• **TRY IT**: All of the records below should be output exactly.

• **SUPPLIED INFORMATION**:
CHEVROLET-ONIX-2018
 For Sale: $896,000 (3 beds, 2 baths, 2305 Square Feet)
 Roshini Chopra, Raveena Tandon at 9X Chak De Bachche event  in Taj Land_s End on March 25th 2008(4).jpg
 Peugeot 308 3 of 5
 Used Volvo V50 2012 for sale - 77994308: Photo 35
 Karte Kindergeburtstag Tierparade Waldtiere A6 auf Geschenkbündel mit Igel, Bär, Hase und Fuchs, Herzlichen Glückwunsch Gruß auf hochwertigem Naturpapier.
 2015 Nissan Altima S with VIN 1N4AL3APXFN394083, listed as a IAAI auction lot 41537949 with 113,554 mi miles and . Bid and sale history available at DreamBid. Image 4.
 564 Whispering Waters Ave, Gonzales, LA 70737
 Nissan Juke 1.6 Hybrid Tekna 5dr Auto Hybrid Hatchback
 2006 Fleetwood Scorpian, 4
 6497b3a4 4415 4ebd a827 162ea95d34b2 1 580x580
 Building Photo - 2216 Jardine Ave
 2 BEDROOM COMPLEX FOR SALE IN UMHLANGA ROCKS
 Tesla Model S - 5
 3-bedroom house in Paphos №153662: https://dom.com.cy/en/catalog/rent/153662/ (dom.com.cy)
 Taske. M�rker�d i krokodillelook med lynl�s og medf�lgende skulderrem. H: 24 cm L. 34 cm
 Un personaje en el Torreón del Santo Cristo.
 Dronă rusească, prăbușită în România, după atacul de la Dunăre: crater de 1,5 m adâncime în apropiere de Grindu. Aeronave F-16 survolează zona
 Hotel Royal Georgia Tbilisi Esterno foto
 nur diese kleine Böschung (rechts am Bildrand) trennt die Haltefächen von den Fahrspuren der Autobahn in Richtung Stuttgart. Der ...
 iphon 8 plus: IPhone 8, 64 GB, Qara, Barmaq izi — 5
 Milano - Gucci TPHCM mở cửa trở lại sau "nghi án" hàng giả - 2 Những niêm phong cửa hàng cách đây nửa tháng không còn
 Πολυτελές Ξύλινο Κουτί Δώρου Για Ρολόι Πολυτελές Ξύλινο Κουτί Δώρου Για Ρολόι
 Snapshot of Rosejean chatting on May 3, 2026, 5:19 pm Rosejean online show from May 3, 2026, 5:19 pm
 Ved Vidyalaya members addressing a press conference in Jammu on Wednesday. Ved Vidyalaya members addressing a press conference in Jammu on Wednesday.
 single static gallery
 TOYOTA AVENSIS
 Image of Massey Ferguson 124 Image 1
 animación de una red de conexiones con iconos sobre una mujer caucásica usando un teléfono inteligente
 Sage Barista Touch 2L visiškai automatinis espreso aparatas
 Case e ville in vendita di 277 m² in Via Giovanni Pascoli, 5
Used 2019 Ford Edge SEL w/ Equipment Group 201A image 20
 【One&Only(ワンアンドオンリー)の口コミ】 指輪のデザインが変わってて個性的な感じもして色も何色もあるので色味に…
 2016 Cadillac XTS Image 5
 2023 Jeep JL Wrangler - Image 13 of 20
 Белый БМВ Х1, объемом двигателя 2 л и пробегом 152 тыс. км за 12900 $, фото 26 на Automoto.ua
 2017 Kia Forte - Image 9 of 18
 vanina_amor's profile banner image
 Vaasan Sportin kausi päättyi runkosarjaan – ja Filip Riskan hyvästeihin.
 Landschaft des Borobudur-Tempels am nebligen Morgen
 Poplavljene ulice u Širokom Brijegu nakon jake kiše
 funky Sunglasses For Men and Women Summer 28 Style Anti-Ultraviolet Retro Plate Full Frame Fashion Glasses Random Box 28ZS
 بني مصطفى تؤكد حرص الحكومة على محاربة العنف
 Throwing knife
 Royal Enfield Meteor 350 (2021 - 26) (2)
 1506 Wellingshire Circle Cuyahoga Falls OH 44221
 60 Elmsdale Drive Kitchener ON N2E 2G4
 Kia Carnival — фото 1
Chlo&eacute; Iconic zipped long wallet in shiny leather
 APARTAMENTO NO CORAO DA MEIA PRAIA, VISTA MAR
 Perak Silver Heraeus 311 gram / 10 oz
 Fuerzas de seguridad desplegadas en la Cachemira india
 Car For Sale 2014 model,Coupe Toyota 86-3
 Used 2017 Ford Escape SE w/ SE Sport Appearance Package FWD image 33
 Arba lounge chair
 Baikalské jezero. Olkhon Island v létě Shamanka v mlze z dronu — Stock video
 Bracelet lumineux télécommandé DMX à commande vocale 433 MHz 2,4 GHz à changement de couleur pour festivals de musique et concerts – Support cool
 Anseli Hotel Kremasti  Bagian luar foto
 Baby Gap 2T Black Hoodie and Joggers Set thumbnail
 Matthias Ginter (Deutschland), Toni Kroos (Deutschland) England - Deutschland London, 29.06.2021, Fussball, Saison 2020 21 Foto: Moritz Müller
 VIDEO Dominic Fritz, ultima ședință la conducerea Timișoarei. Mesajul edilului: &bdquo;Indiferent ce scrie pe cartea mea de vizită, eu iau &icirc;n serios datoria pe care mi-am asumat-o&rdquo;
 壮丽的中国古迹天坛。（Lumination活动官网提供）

• **ANSWER TO THIS EXERCISE**:
CHEVROLET-ONIX-2018
 For Sale: $896,000 (3 beds, 2 baths, 2305 Square Feet)
 Roshini Chopra, Raveena Tandon at 9X Chak De Bachche event  in Taj Land_s End on March 25th 2008(4).jpg
 Peugeot 308 3 of 5
 Used Volvo V50 2012 for sale - 77994308: Photo 35
 Karte Kindergeburtstag Tierparade Waldtiere A6 auf Geschenkbündel mit Igel, Bär, Hase und Fuchs, Herzlichen Glückwunsch Gruß auf hochwertigem Naturpapier.
 2015 Nissan Altima S with VIN 1N4AL3APXFN394083, listed as a IAAI auction lot 41537949 with 113,554 mi miles and . Bid and sale history available at DreamBid. Image 4.
 564 Whispering Waters Ave, Gonzales, LA 70737
 Nissan Juke 1.6 Hybrid Tekna 5dr Auto Hybrid Hatchback
 2006 Fleetwood Scorpian, 4
 6497b3a4 4415 4ebd a827 162ea95d34b2 1 580x580
 Building Photo - 2216 Jardine Ave
 2 BEDROOM COMPLEX FOR SALE IN UMHLANGA ROCKS
 Tesla Model S - 5
 3-bedroom house in Paphos №153662: https://dom.com.cy/en/catalog/rent/153662/ (dom.com.cy)
 Taske. M�rker�d i krokodillelook med lynl�s og medf�lgende skulderrem. H: 24 cm L. 34 cm
 Un personaje en el Torreón del Santo Cristo.
 Dronă rusească, prăbușită în România, după atacul de la Dunăre: crater de 1,5 m adâncime în apropiere de Grindu. Aeronave F-16 survolează zona
 Hotel Royal Georgia Tbilisi Esterno foto
 nur diese kleine Böschung (rechts am Bildrand) trennt die Haltefächen von den Fahrspuren der Autobahn in Richtung Stuttgart. Der ...
 iphon 8 plus: IPhone 8, 64 GB, Qara, Barmaq izi — 5
 Milano - Gucci TPHCM mở cửa trở lại sau "nghi án" hàng giả - 2 Những niêm phong cửa hàng cách đây nửa tháng không còn
 Πολυτελές Ξύλινο Κουτί Δώρου Για Ρολόι Πολυτελές Ξύλινο Κουτί Δώρου Για Ρολόι
 Snapshot of Rosejean chatting on May 3, 2026, 5:19 pm Rosejean online show from May 3, 2026, 5:19 pm
 Ved Vidyalaya members addressing a press conference in Jammu on Wednesday. Ved Vidyalaya members addressing a press conference in Jammu on Wednesday.
 single static gallery
 TOYOTA AVENSIS
 Image of Massey Ferguson 124 Image 1
 animación de una red de conexiones con iconos sobre una mujer caucásica usando un teléfono inteligente
 Sage Barista Touch 2L visiškai automatinis espreso aparatas
 Case e ville in vendita di 277 m² in Via Giovanni Pascoli, 5
Used 2019 Ford Edge SEL w/ Equipment Group 201A image 20
 【One&Only(ワンアンドオンリー)の口コミ】 指輪のデザインが変わってて個性的な感じもして色も何色もあるので色味に…
 2016 Cadillac XTS Image 5
 2023 Jeep JL Wrangler - Image 13 of 20
 Белый БМВ Х1, объемом двигателя 2 л и пробегом 152 тыс. км за 12900 $, фото 26 на Automoto.ua
 2017 Kia Forte - Image 9 of 18
 vanina_amor's profile banner image
 Vaasan Sportin kausi päättyi runkosarjaan – ja Filip Riskan hyvästeihin.
 Landschaft des Borobudur-Tempels am nebligen Morgen
 Poplavljene ulice u Širokom Brijegu nakon jake kiše
 funky Sunglasses For Men and Women Summer 28 Style Anti-Ultraviolet Retro Plate Full Frame Fashion Glasses Random Box 28ZS
 بني مصطفى تؤكد حرص الحكومة على محاربة العنف
 Throwing knife
 Royal Enfield Meteor 350 (2021 - 26) (2)
 1506 Wellingshire Circle Cuyahoga Falls OH 44221
 60 Elmsdale Drive Kitchener ON N2E 2G4
 Kia Carnival — фото 1
Chlo&eacute; Iconic zipped long wallet in shiny leather
 APARTAMENTO NO CORAO DA MEIA PRAIA, VISTA MAR
 Perak Silver Heraeus 311 gram / 10 oz
 Fuerzas de seguridad desplegadas en la Cachemira india
 Car For Sale 2014 model,Coupe Toyota 86-3
 Used 2017 Ford Escape SE w/ SE Sport Appearance Package FWD image 33
 Arba lounge chair
 Baikalské jezero. Olkhon Island v létě Shamanka v mlze z dronu — Stock video
 Bracelet lumineux télécommandé DMX à commande vocale 433 MHz 2,4 GHz à changement de couleur pour festivals de musique et concerts – Support cool
 Anseli Hotel Kremasti  Bagian luar foto
 Baby Gap 2T Black Hoodie and Joggers Set thumbnail
 Matthias Ginter (Deutschland), Toni Kroos (Deutschland) England - Deutschland London, 29.06.2021, Fussball, Saison 2020 21 Foto: Moritz Müller
 VIDEO Dominic Fritz, ultima ședință la conducerea Timișoarei. Mesajul edilului: &bdquo;Indiferent ce scrie pe cartea mea de vizită, eu iau &icirc;n serios datoria pe care mi-am asumat-o&rdquo;
 壮丽的中国古迹天坛。（Lumination活动官网提供）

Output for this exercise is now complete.